Moore Jill E, Pratt Henry E, Fan Kaili, Phalke Nishigandha, Fisher Jonathan, Elhajjajy Shaimae I, Andrews Gregory, Gao Mingshi, Shedd Nicole, Fu Yu, Lacadie Matthew C, Meza Jair, Ganna Mohit, Choudhury Eva, Swofford Ross, Farrell Nina P, Pampari Anusri, Ramalingam Vivekanandan, Reese Fairlie, Borsari Beatrice, Yu Michelle, Wattenberg Eve, Ruiz-Romero Marina, Razavi-Mohseni Milad, Xu Jinrui, Galeev Timur, Beer Michael A, Guigó Roderic, Gerstein Mark, Engreitz Jesse, Ljungman Mats, Reddy Timothy E, Snyder Michael P, Epstein Charles B, Gaskell Elizabeth, Bernstein Bradley E, Dickel Diane E, Visel Axel, Pennacchio Len A, Mortazavi Ali, Kundaje Anshul, Weng Zhiping
Department of Genomics and Computational Biology, University of Massachusetts Chan Medical School, Worcester, MA, USA.
Broad Institute of MIT and Harvard, Cambridge, MA, USA.
bioRxiv. 2024 Dec 26:2024.12.26.629296. doi: 10.1101/2024.12.26.629296.

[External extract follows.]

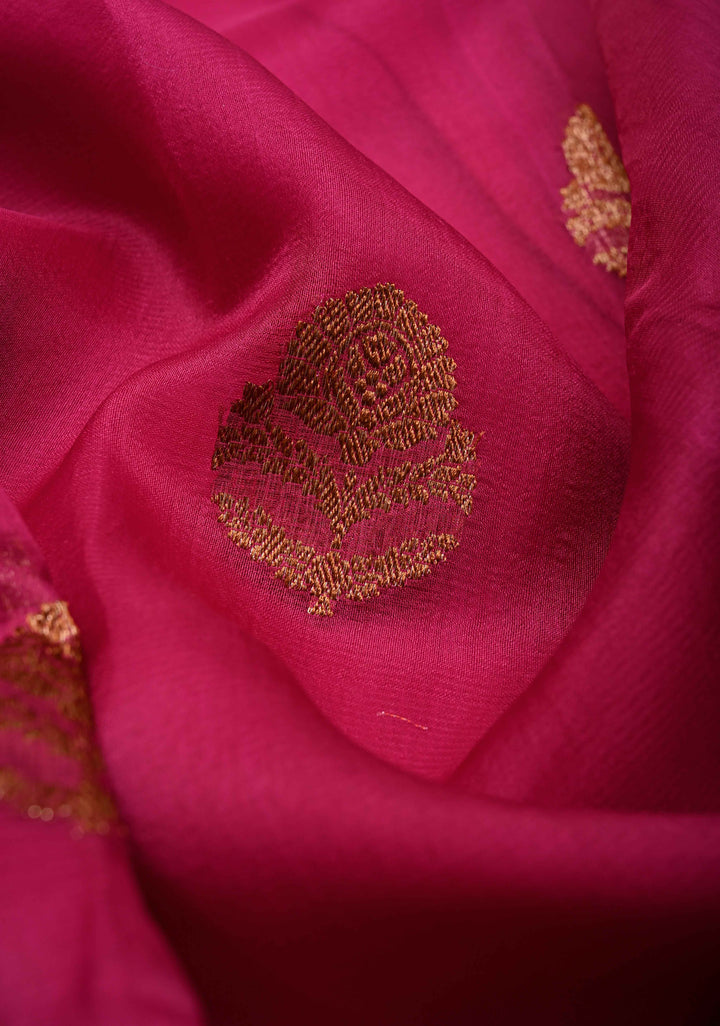 Magenta Pure Banarasi Kora Silk Saree with Antique Zari Buttas and Zari Border | SILK MARK CERTIFIED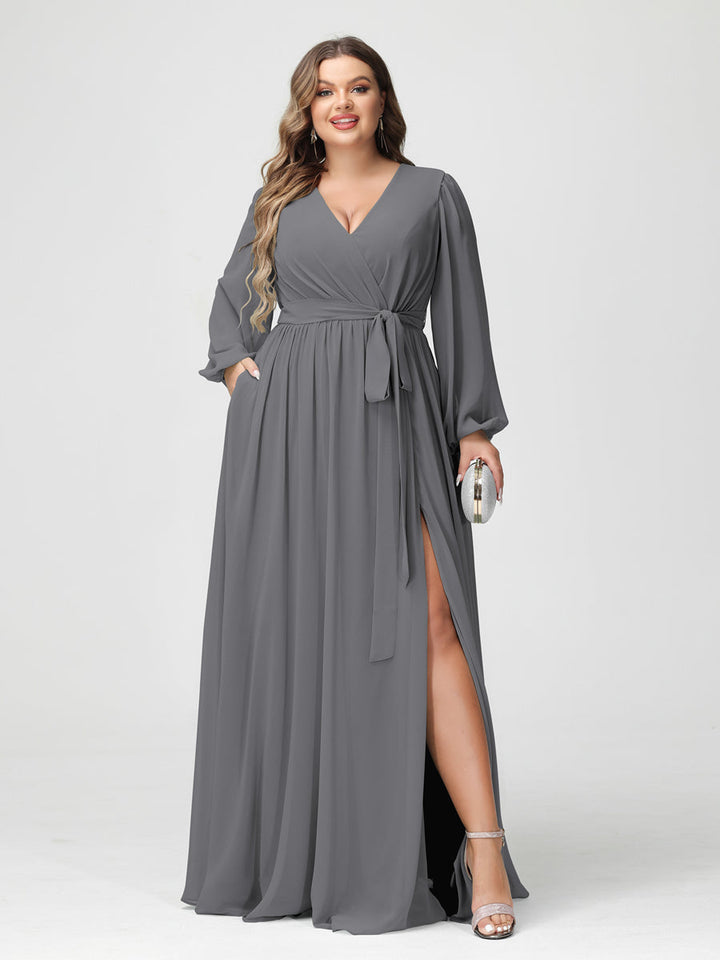 A-Line/Princess V-Neck Long Sleeves Chiffon Plus Size Bridesmaid Dresses with Pockets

Mammalian genomes contain millions of regulatory elements that control the complex patterns of gene expression. Previously, The ENCODE consortium mapped biochemical signals across many cell types and tissues and integrated these data to develop a Registry of 0.9 million human and 300 thousand mouse candidate cis-Regulatory Elements (cCREs) annotated with potential functions. We have expanded the Registry to include 2.35 million human and 927 thousand mouse cCREs, leveraging new ENCODE datasets and enhanced computational methods. This expanded Registry covers hundreds of unique cell and tissue types, providing a comprehensive understanding of gene regulation. Functional characterization data from assays like STARR-seq, MPRA, CRISPR perturbation, and transgenic mouse assays now cover over 90% of human cCREs, revealing complex regulatory functions. We identified thousands of novel silencer cCREs and demonstrated their dual enhancer/silencer roles in different cellular contexts. Integrating the Registry with other ENCODE annotations facilitates genetic variation interpretation and trait-associated gene identification, exemplified by discovering as a novel causal gene for red blood cell traits. This expanded Registry is a valuable resource for studying the regulatory genome and its impact on health and disease.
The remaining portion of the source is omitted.